Although Al digs R&B, he admitted his feeling for singing spirituals has not changed. “My parents didn’t like it when I started singing pop. I did spirituals for five years, and had a group with my four brothers. I like spirituals better than pop, because the feeling is better. You got a lot more communications. You have a lot more to communicate. You have a lot more to be serious about in communication.
“WhenI was home last week, I just went right up there and sang with my brothers in church. All the poople said, “Isn’t that Al Green? He sings pop music! He sings blues! He’s not supposed to be up here singing!’ They thought I was crazy. I was just up there singing. It was fine to me.” He laughs.
I asked him why he had cut a spiritual on his first album. “In church when I was a little kid, Johnnie Taylor’s ‘God Is Standing By’ was my favorite song. And I said, when I get big, I’m going to record that song. When I was cutting the album, I decided to put it in there. It’s kind of a reverse thing. You cut a good funky soul album and put something in it like ‘God Is Standing By.’ I think it’s going backwards. Which is what I wanted to do, go backwards for a minute, so I can catch my breath for going forward. I like the idea. Maybe during Christmas season, they could put out a single on it... ”
The sun had disappeared behind a building and I suddenly realized how quickly time had gone by. Al had to get ready for his afternoon show at the Apollo.

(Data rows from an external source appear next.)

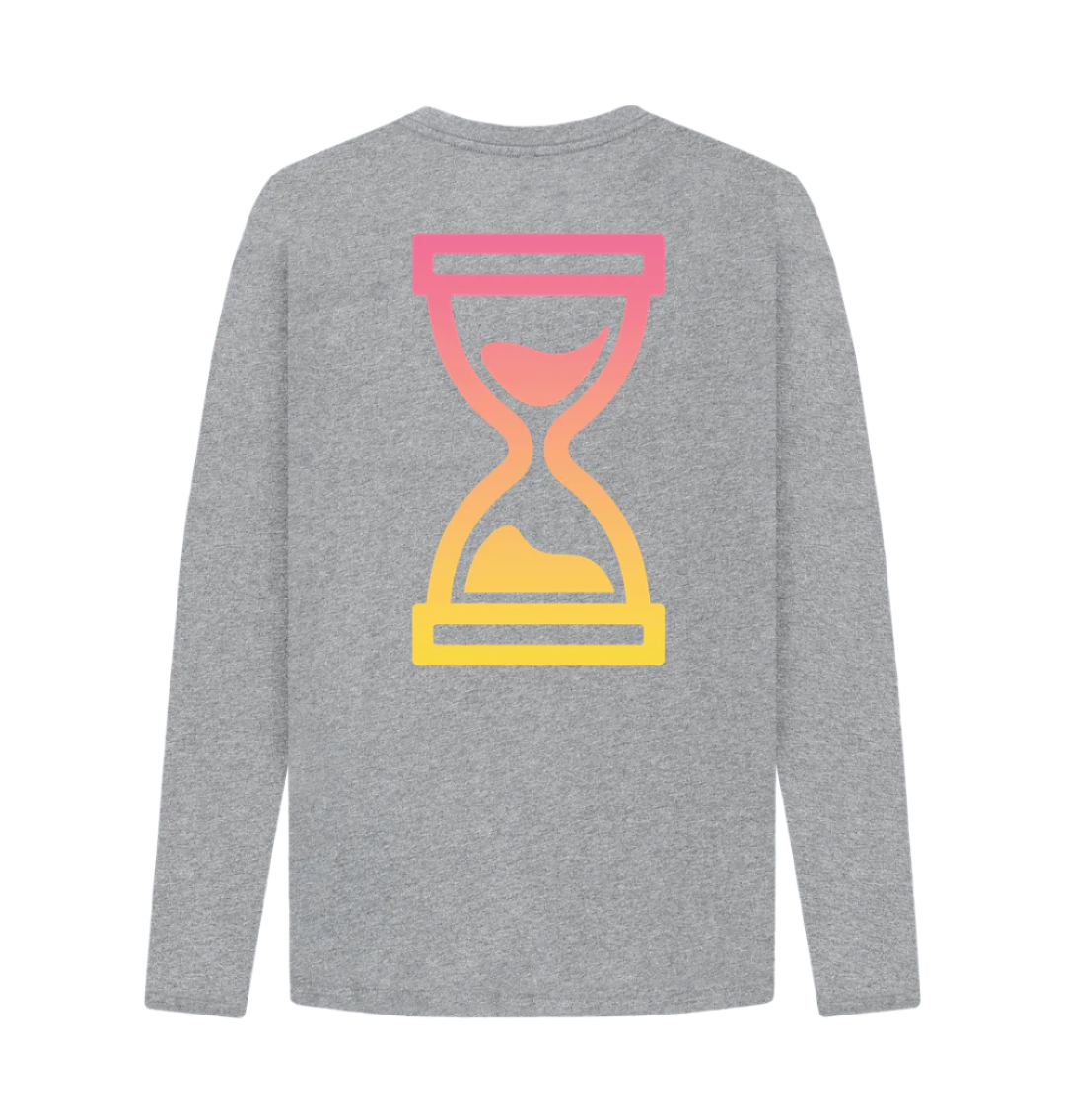 long sleeve grey t shirt with a large print on the back
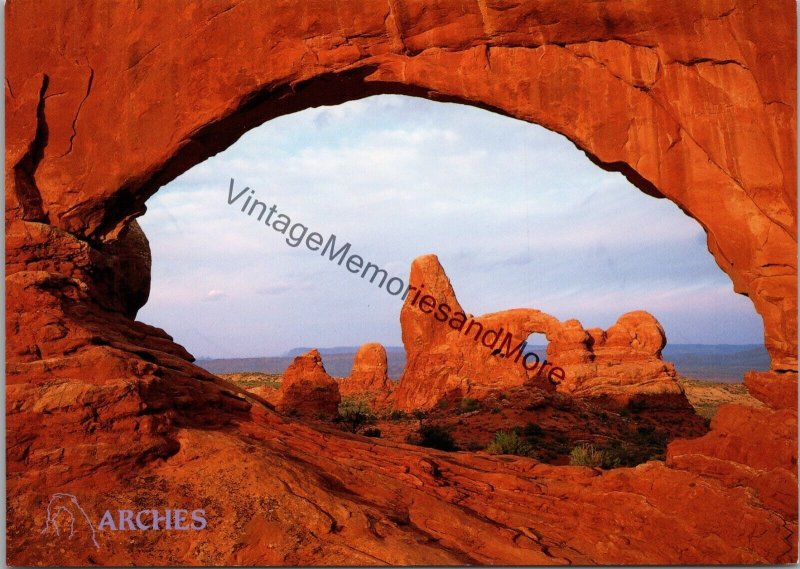 Turret Arch through North Window Arch Arches National Park Utah Postcard PC232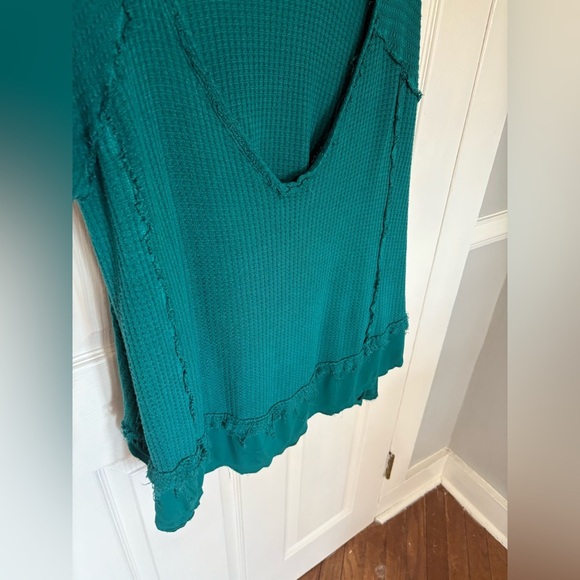 Free People Laguna Thermal Top in Turquoise | Boho Slouchy Raw-Edge | Size XS - Picture 6 of 10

I decided on one last question. It was a trivial one, but I had been truly surprised to see his name written as Al Greene with an “e” on the end of it on a Cash Box cover.
“I dropped the “e” because “Greene” with an “e” on the end stands for somebody’s name, like James Greene. But Green, without an “e” on the end, just “g-r-e-e-n” is a color. And I like the color. I’d rather be a color.”